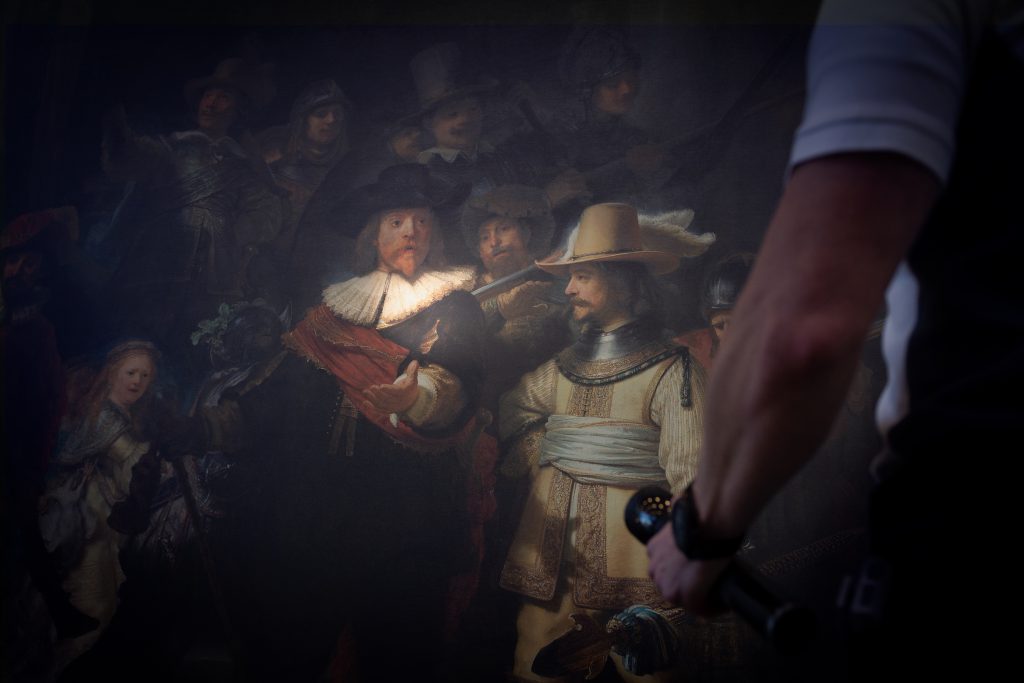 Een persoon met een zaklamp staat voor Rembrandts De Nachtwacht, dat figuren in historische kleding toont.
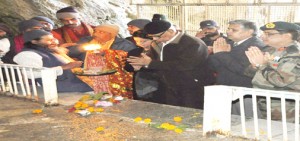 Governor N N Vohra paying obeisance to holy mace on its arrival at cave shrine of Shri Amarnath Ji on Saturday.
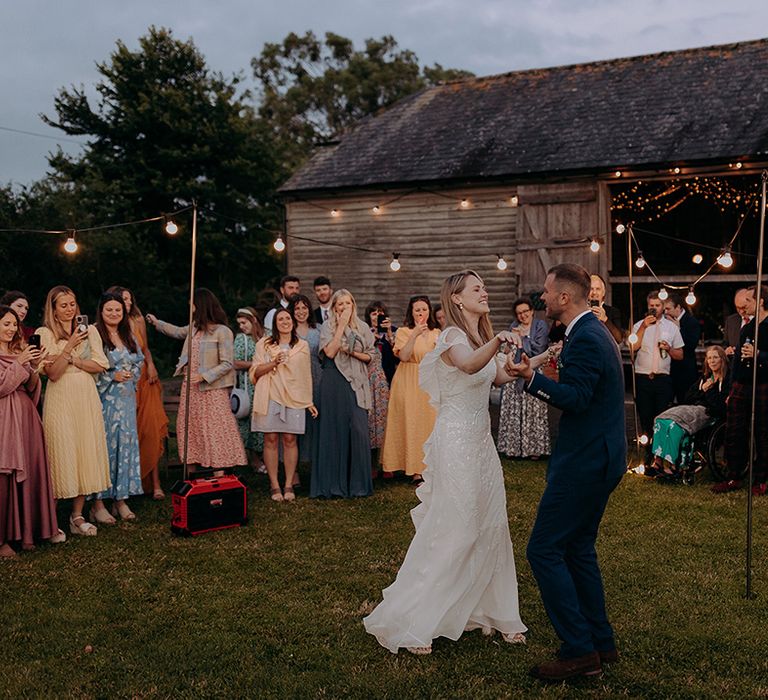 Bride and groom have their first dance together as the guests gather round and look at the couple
==
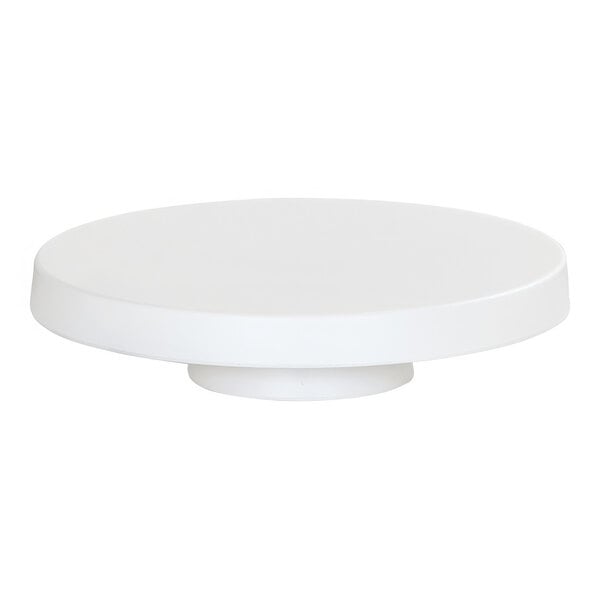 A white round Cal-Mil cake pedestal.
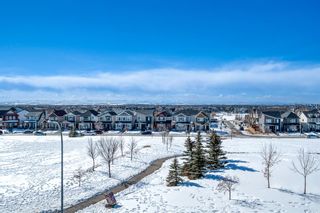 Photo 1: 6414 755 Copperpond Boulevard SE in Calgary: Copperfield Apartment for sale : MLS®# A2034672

**What is expected**
Exactly reproduce the lines above, starting at the one that contains "Een persoon met" and ending at the one that contains "Bride and groom", both inclusive; leave the pictures out and add no other lines.

**Problem solution**
 Een persoon met een zaklamp staat voor Rembrandts De Nachtwacht, dat figuren in historische kleding toont.
 Governor N N Vohra paying obeisance to holy mace on its arrival at cave shrine of Shri Amarnath Ji on Saturday.
 Bride and groom have their first dance together as the guests gather round and look at the couple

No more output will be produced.